To Herbert Spencer, China carried out the idea of compulsory education to its logical conclusion:

There the government publishes a list of works which may be read; and considering obedience the supreme virtue, authorizes such only as are friendly to despotism. Fearing the unsettling effects of innovation, it allows nothing to be taught but what proceeds from itself. To the end of producing pattern citizens, it exerts a stringent discipline over all conduct. There are “rules for sitting, standing, walking, talking, and bowing, laid down with the greatest precision.”25

The Imperial Japanese system of compulsory state education is worth noting carefully, because of the many similarities which it displays with modern “progressive” education. As Lafcadio Hearn observed:

The object has never been to train the individual for independent action, but to train him for cooperative action…. Constraint among us begins with childhood, and gradually relaxes [which would be the best for the child as his reasoning powers develop and he could be allowed more freedom and less guidance]; constraint in Far Eastern training begins later, and thereafter gradually tightens…. Not merely up to the age of school life, but considerably beyond it, a Japanese child enjoys a degree of liberty far greater than is allowed to Occidental children…. The child is permitted to do as he pleases…. At school, the discipline begins … but there is no punishment beyond public admonition. Whatever restraint exists is chiefly exerted on the child by the common opinion of his class; and a skillful teacher is able to direct that opinion…. The ruling power is always the class sentiment…. It is always the rule of the many over the one; and the power is formidable.
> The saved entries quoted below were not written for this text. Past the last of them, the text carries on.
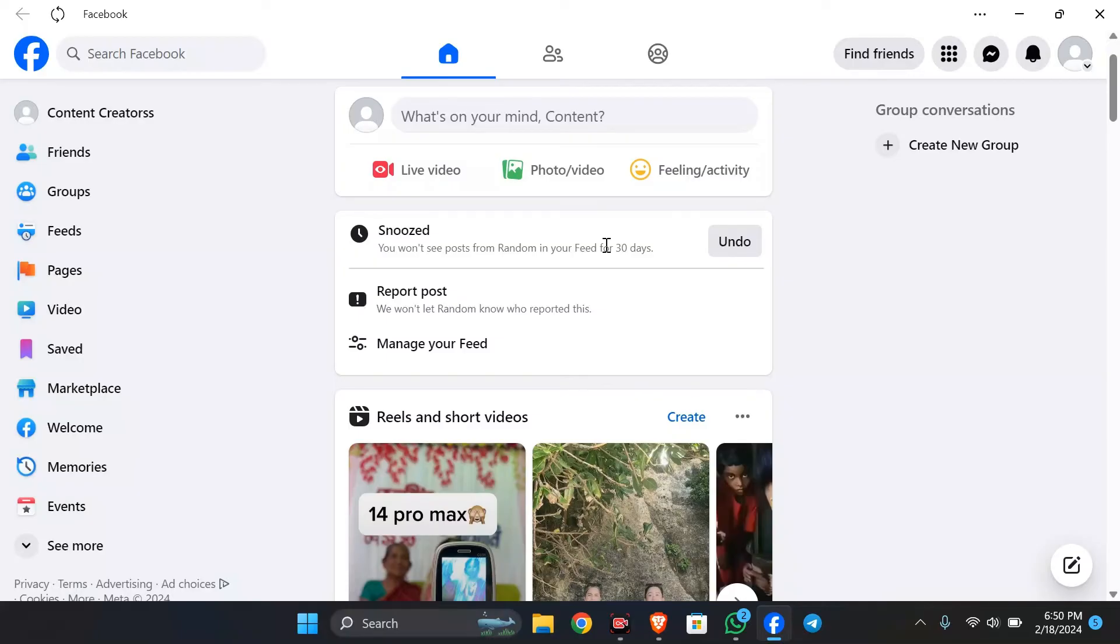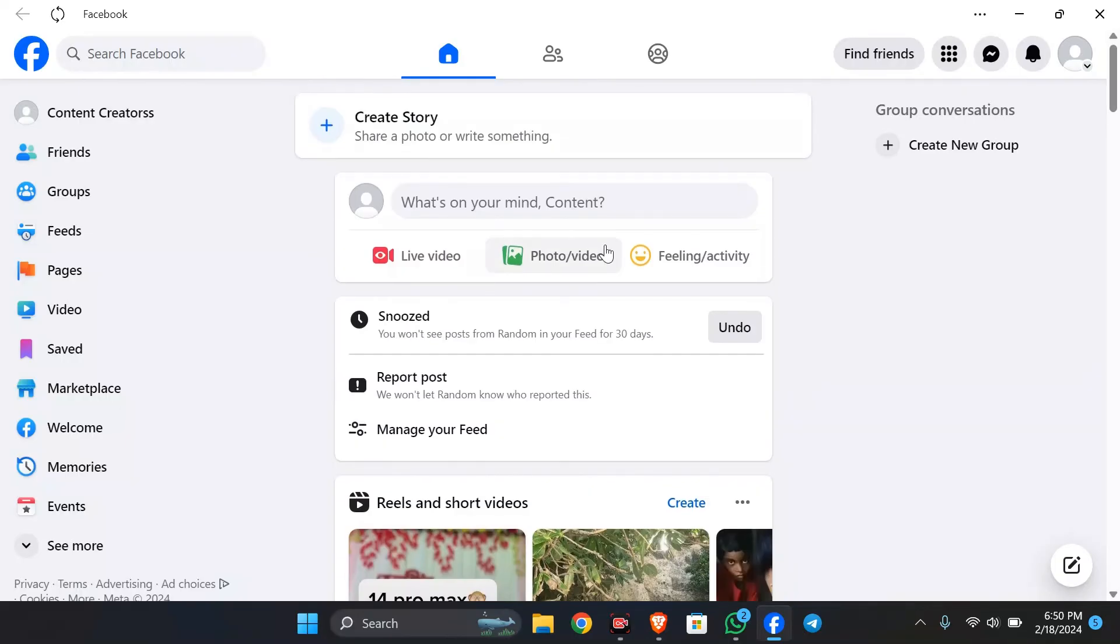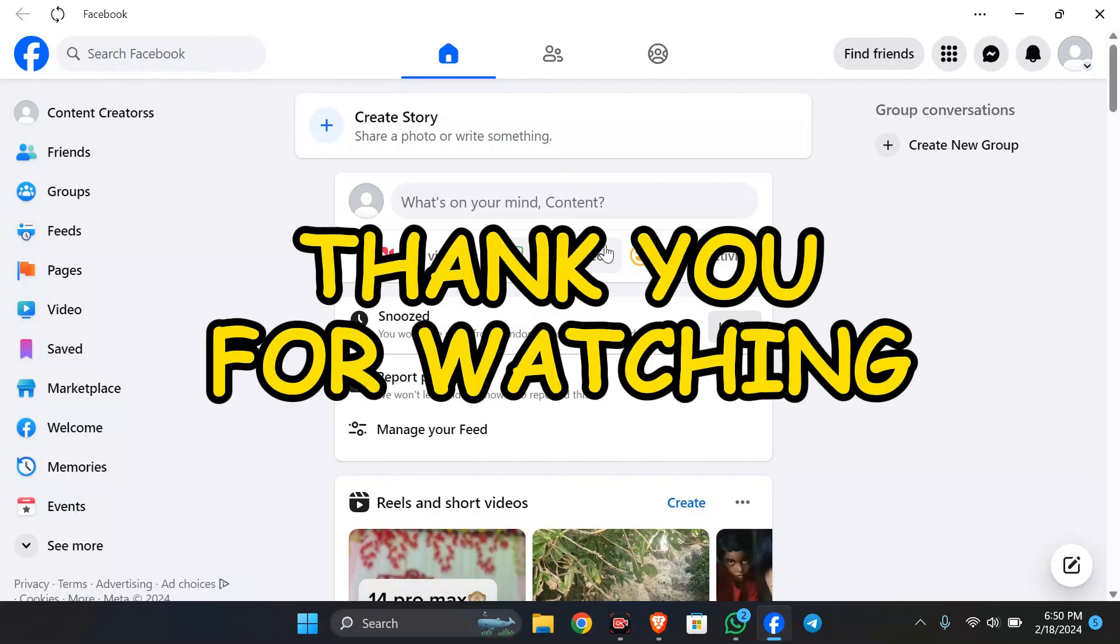I hope this video was helpful for you. If yes, don't forget to like, share, and subscribe to the channel to never miss another future update. Thank you for watching the video.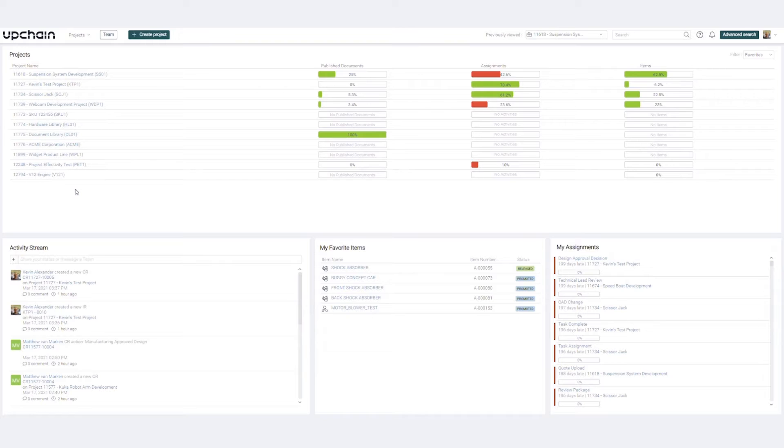UpChain's sleek interface is designed to be highly intuitive, allowing new users to onboard quickly and existing users to maximize productivity.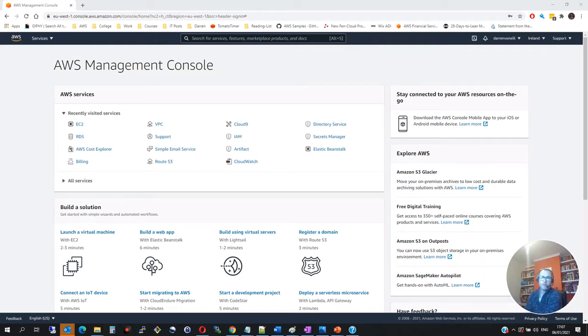Hi there, this is Darren O'Neill from Darren's Tech Tutorials and DarrenOneill.eu. In this short video, I'm going to show you how to set up Ubuntu on AWS.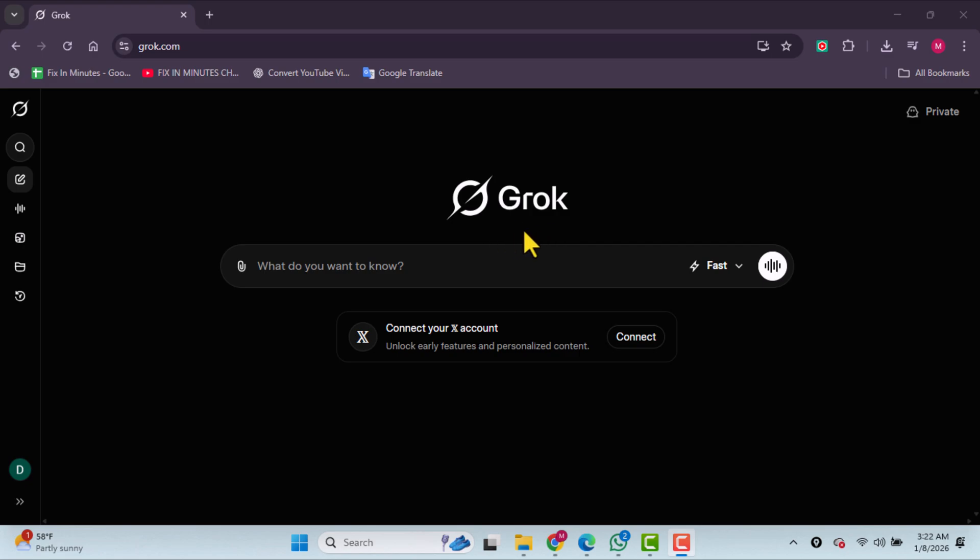First, open Grok. On the left-hand side, click on Imagine.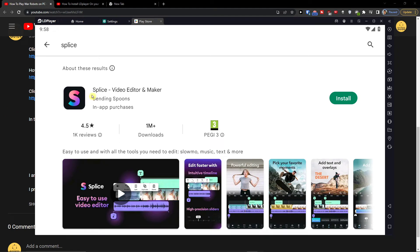Hey guys, my name is Markus and in this video I'll show you how you can easily use Splice on PC and how you can download Splice on PC.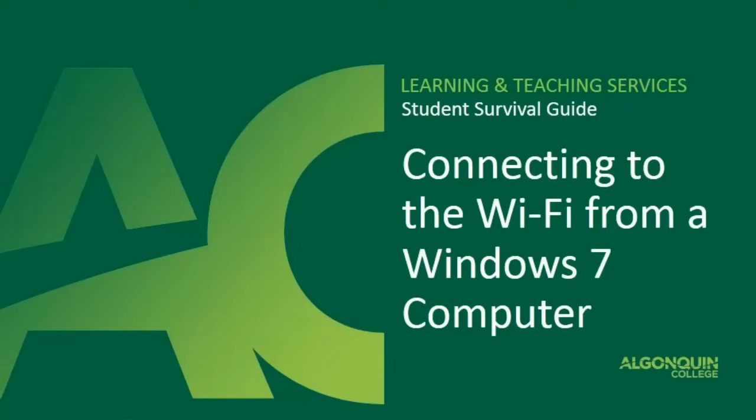Welcome to this video presentation that is going to teach you how to log on to the Algonquin College Wi-Fi network from your Windows 7 computer.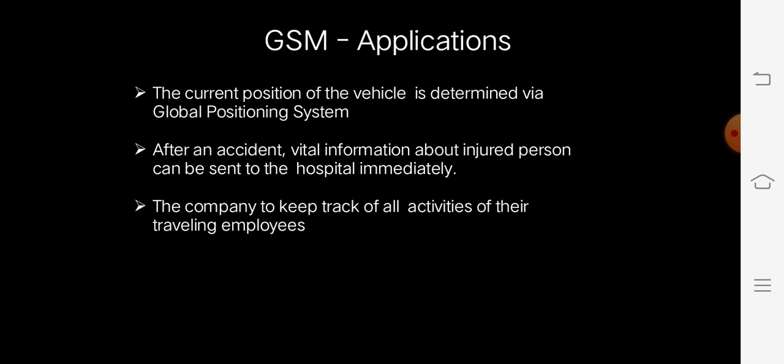Coming to the applications of GSM: the current position of a vehicle can be determined via GSM. Consider another situation — after an accident, vital information about an injured person can be sent to the hospital immediately. A company can also use GSM to keep track of all activities of their travelling employees. Like that, nowadays we are having many applications for GSM. Thank you.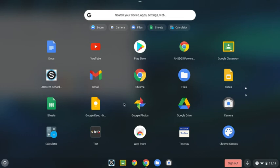A couple I'd like to call your attention to are the calculator down here, files over here, and camera.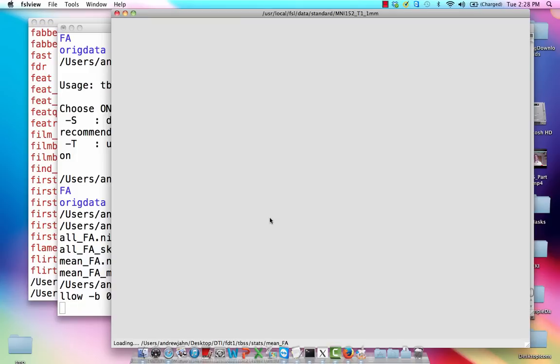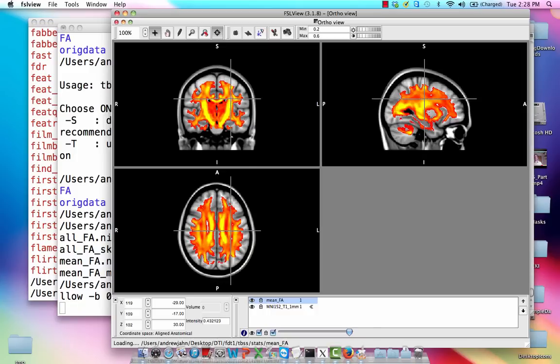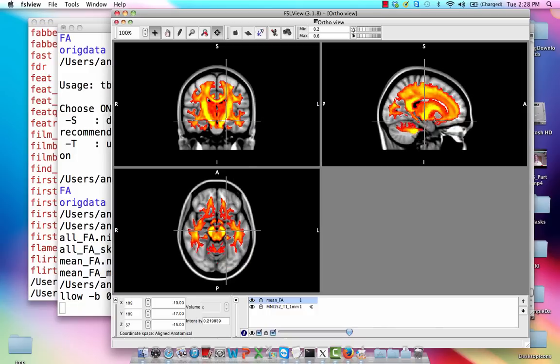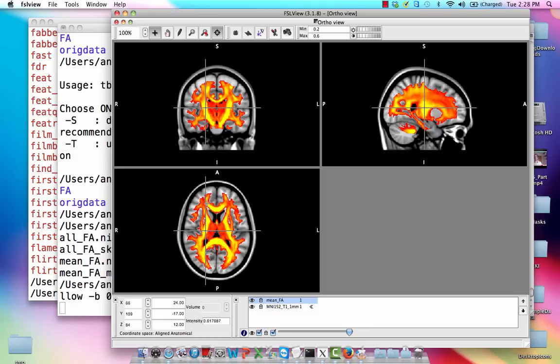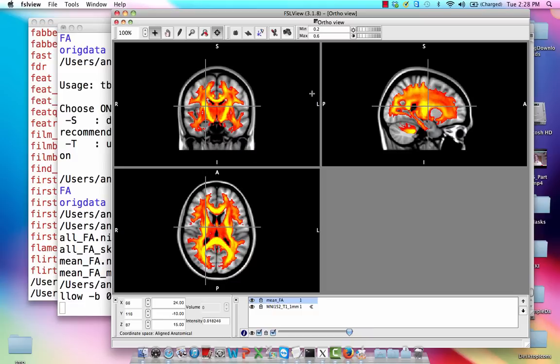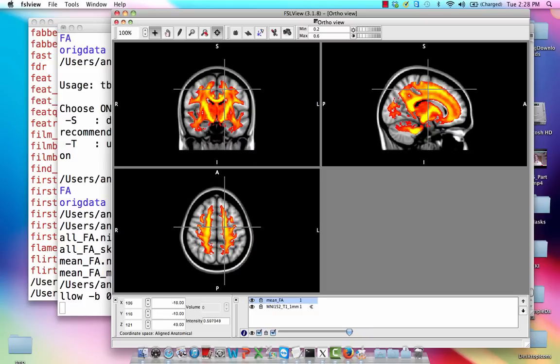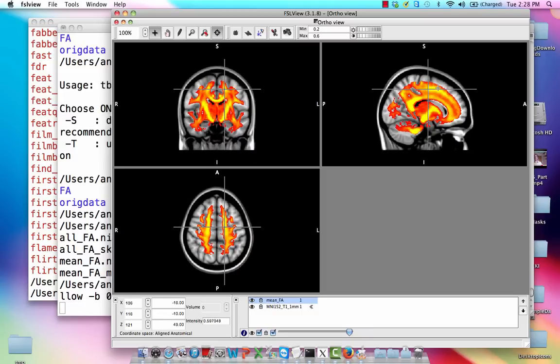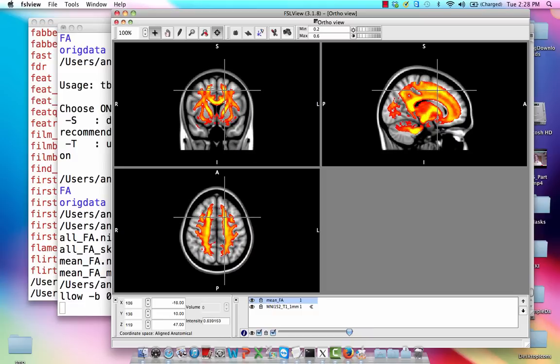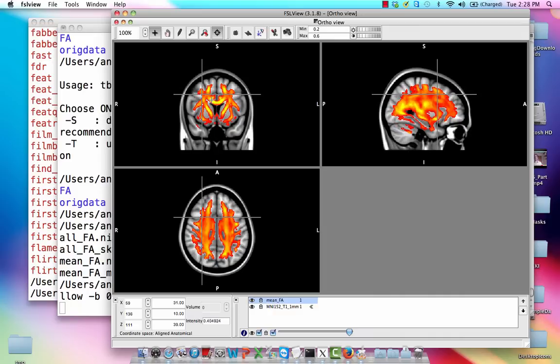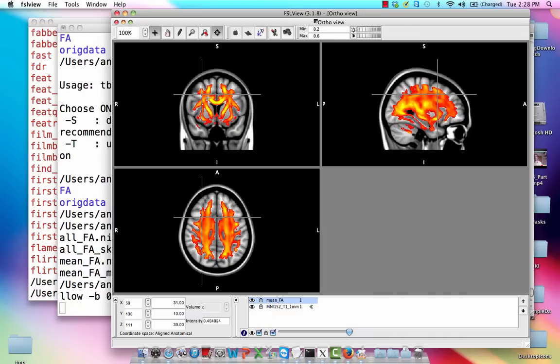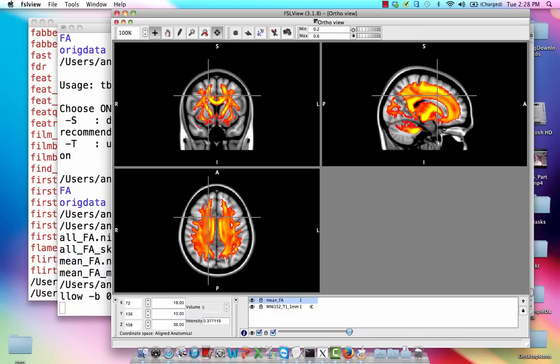And so once we load that up, we're just going to compare this white matter mask on top of this template. It looks pretty good. It seems to follow these white matter pathways pretty well. It doesn't seem to encroach too much on things like CSF or gray matter. So this looks pretty good so far.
The spirit inculcated is always the sacrifice of the individual to the community, and a crushing of any individual independence. In adult life, any deviation from the minutiae of state regulation was instantly and severely punished.26

  • 24For a detailed tabulation of the compulsory education laws in each country of Europe at the turn of the century, see London Board of Education, Statement as to the Age at Which Compulsory Education Begins in Certain Foreign Countries (London, 1906). The vast majority had compulsory schooling from the ages of 6 or 7 until 14.
  • 25Spencer, op. cit., pp. 297 — 98.
  • 26Quotations from Lafcadio Hearn, Japan: An Interpretation, (New York: Macmillan, 1894), in Isabel Paterson, The God of the Machine, (Caldwell, Idaho: Caxton Printers, 1964).